As I discussed here, the EFF is running an experimental site demonstrating that browsers ooze an unnecessary “browser fingerprint” allowing users to be identified across sites without their knowledge. One can easily imagine this scenario:
- Site “A” offers some service you are interested in and you release your name and address to it. At the same time, the site captures your browser fingerprint.
- Site “B” establishes a relationship with site “A” whereby when it sends “A” a browser fingerprint and “A” responds with the matching identifying information.
- You are therefore unknowingly identified at site “B”.
I can see browser fingerprints being used for a number of purposes. Some sites might use a fingerprint to keep track of you even after you have cleared your cookies – and rationalize this as providing added security. Others will inevitably employ it for commercial purposes – targeted identifying customer information is high value. And the technology can even be used for corporate espionage and cyber investigations.
It is important to point out that like any fingerprint, the identification is only probabilistic. EFF is studying what these probabilities are. In my original test, my browser was unique in 120,000 other browsers – a number I found very disturbing.

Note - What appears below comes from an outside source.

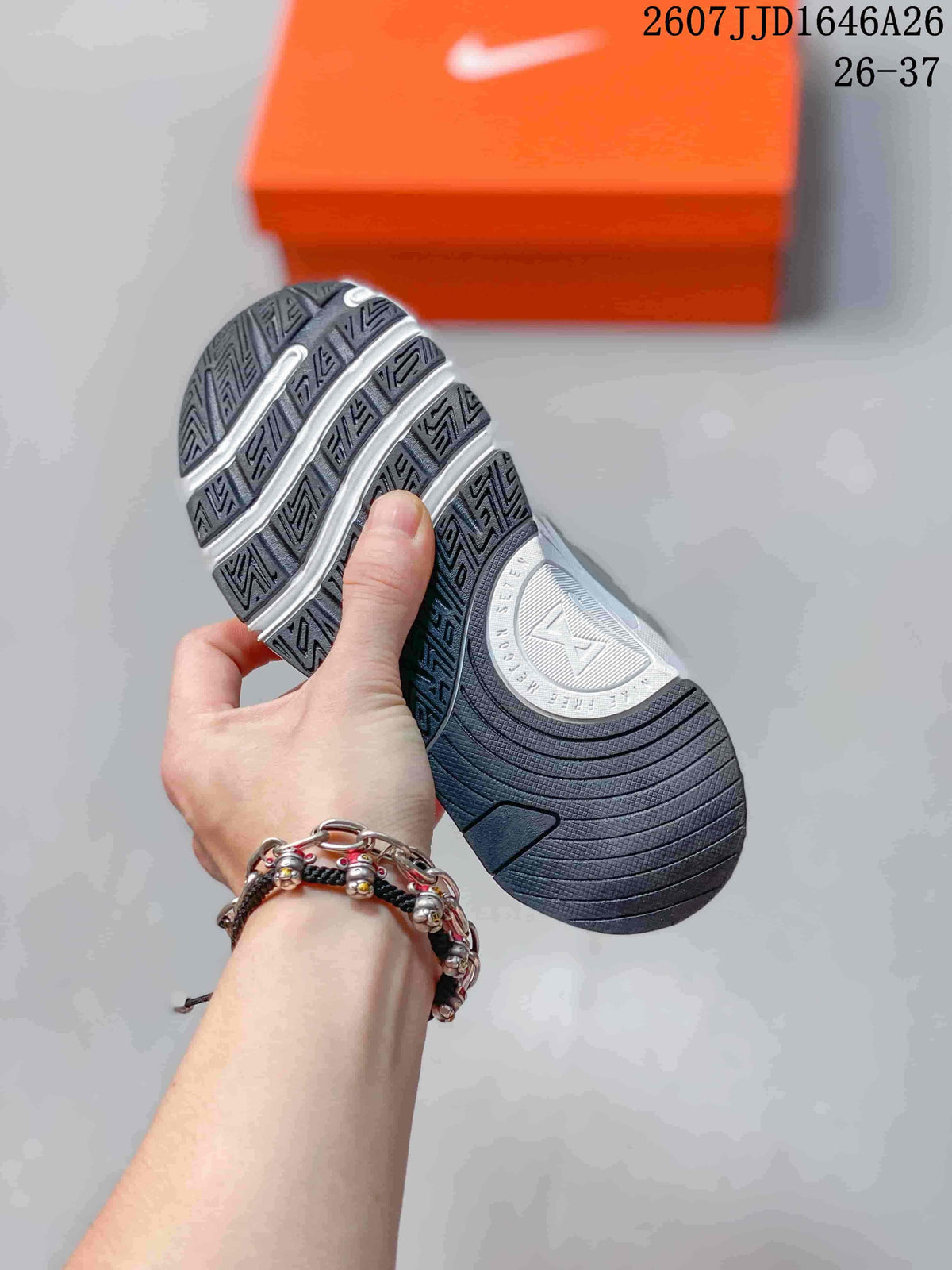 Underside view showing the patterned outsole of a gray and white Nike Free Metcon 7 children's sneaker.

But friends soon wrote back to report that their browser was even “more unique” than mine! And going through my feeds today I saw a post at Tomek's DS World where he reported a staggering fingerprint uniqueness of 1 in 433,751:
It's not that I really think of myself as super competitive, but these results were so extreme I decided to take the test again. My new score is off the scale:
Tomek ends his post this way:
“So a browser can be used to identify a user in the Internet or to harvest some information without his consent. Will it really become a problem and will it be addressed in some way in browsers in the future? This question has to be answered by people responsible for browser development.”
I have to disagree. It is already a problem. A big problem. These outcomes weren't at all obvious in the early days of the browser. But today the writing is on the wall and needs to be addressed. It's a matter right at the core of delivering on a trustworthy computing infrastructure. We need to evolve the world's browsers to employ minimal disclosure, releasing only what is necessary, and never providing a fingerprint without the user's consent.